With the explosion of online shopping, few can deny the power of the Internet.
Not even the Amish and Mennonites, known for being devout to their faith and for shunning technology, electricity and modern advances that run counter to those beliefs.
It raises an intriguing question: Can the Amish and online co-exist?
"It is interesting that commerce is forcing even the Amish to adapt to the online retail world," said Barbara Khan, director of the Jay H. Baker Retailing Center at the Wharton School at the University of Pennsylvania. "It isn't social pressure that is forcing the cultural change, but, rather, economic necessity."
The next generation of Amish who have grown up in business admit as much, while the numbers affirm what many know: Online retailing is growing at the expense of traditional stores.
Brick-and-mortar retail sales on Black Friday fell from $11.6 billion in 2014 to $10.4 billion in 2015, according to the retail researcher ShopperTrak. Sales on Thanksgiving fell from just over $2 billion in 2014 to $1.8 billion in November. Both drops are due to the rise in online sales.
Meanwhile, online sales jumped 14 percent on Black Friday from 2014, and brought retailers $2.72 billion altogether in November.
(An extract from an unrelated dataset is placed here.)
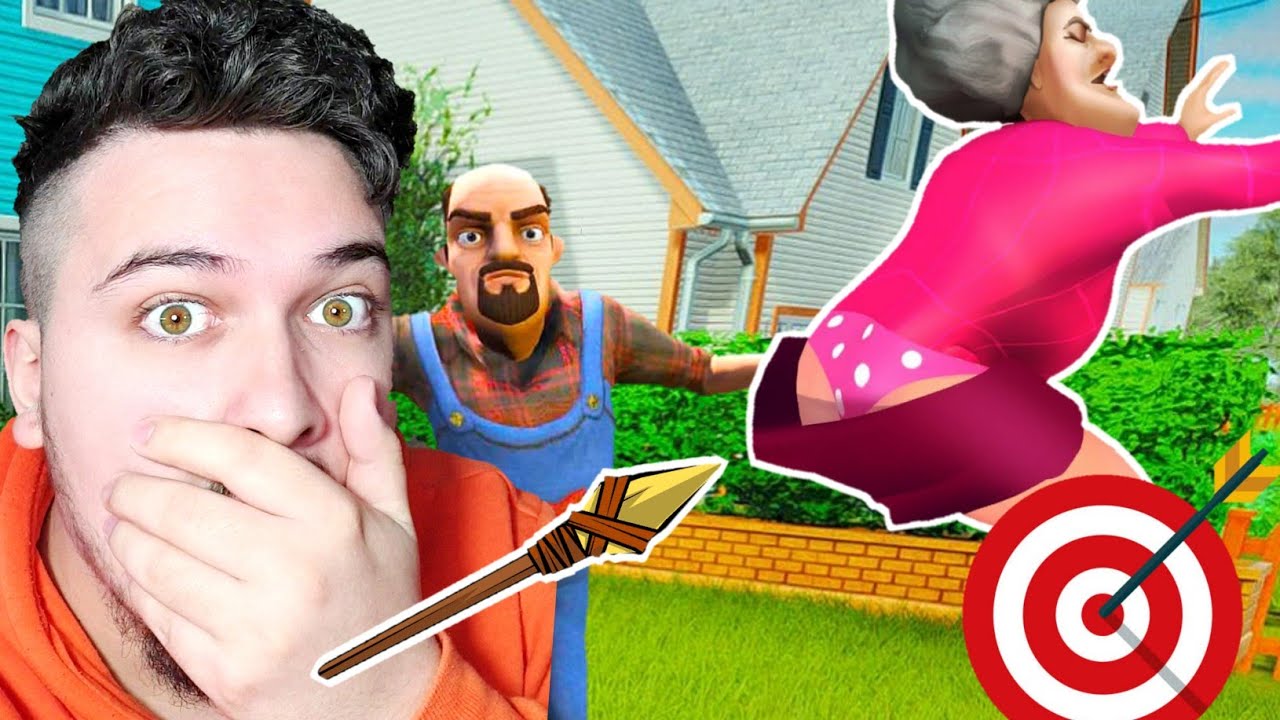 SKENI ME BESU QKA I KOM BO MSUSES | Scary Teacher #11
The increase came during a week of online sales and promotions leading up to Cyber Monday on Nov. 30, which turned out to be the biggest e-commerce sales day ever, topping $3 billion for the first time.
Sam Riehl, 26, wants to boost online orders by next year at L. Halteman Family Country Foods in downtown Philadelphia.
Riehl works behind the counter Monday through Saturday. Like all Amish, he rests on Sunday.
But he represents the progressive, tech savvy side of the Plain People. Riehl is aiming to grow the family business and offer online delivery of the family's key products, ranging from ground beef and pork to homemade jams and jellies, within a year.
"My generation is more advanced," Riehl said recently while working the busy lunch crowd. "We feel the Internet is really important to grow a business, and we have to do more on the Internet."
Meanwhile, about an hour's drive away, it seems as if you're in another world as soon as you arrive in Gap, Lancaster County. For miles, you travel through picturesque rolling hills. A few horse-drawn buggies putter by on the side of the road.
Then you get to the heart of Amish Country, the tourist hub, in a town called Intercourse.
A visitor comes across a well-lit store decorated with pieces of furniture at the front entrance. This is Snyder's Furniture, a 30-year-old shop that is on the online superhighway despite its simple surroundings.
Snyder's specializes in handcrafted Amish furniture. It has had its own website, www.snydersfurniture.com, since 2000.
"For the most part, Amish craftsmen and retailers are adapting to the challenges of 21st-century businesses and looking for ways around their beliefs to adapt to changing technology," said Keith Horst, the store's 29-year-old general manager. "They find a way.
"They won't fly, but they will go on trains," he said. "They don't drive, but will hire drivers. They won't have computers, but have very advanced word processors. They will have a fax machine, but a separate phone in their work shack and not in their house.
"They won't have machines run by electricity, but by air compressors and generators as a way around their belief of being unconnected to the world," said Horst, who himself grew up Mennonite, but is no longer active in the church. He graduated from Temple University in pre-law and drives a BMW.
Americus Reed, a marketing professor who focuses on brand identity at Wharton, said the Amish - like many other business owners and operators nowadays - are being compelled to expand their reach through the Internet.
"If the core customer goes to online, and that is where they are getting their information, and that is where they are going to actually purchase, then the mantra will be 'change or die,'" Reed said.
Horst said the Amish in Lancaster County are adapting, and many who run businesses now have websites.
"They realize they need it to stay in business," he said.
Snyder's store recently made three straight days of holiday furniture deliveries to the Philadelphia suburbs.
They were big-ticket items, ranging from $5,000 to $10,000 and included dining room pieces, bedroom sets, and kitchen tables.
Snyder's uses its own trucks to make deliveries in Pennsylvania. For out-of-state deliveries, it hires an outside firm. The store grosses about $2 million in annual sales.
Horst is focused on clicks-to-bricks strategies to get more people to view the store's website, and following up with emails to encourage them to visit the store.
He is busy these days, figuring out how to charge for shipping furniture, especially to the West Coast.
"We can have the cost built into the price of the product itself or charge a flat fee," Horst said. "Many people got used to free shipping from Amazon, and we just can't do that."
Standing in the store a few feet from Horst was his cousin, Andrea Groff, 26, wearing traditional Mennonite dress. She was wiping down furniture with water from a spray bottle and a cloth - her version of dusting, because Mennonites don't use silicone-based products.
As the office and sales manager at Snyder's, Groff regularly updates and freshens the company's website.
"They totally understand," she said of the shifting attitude among Amish and Mennonite businesses over the Internet. "Before, they were more closed off. In the last five to seven years, more are open to getting their products out there online. They are adapting."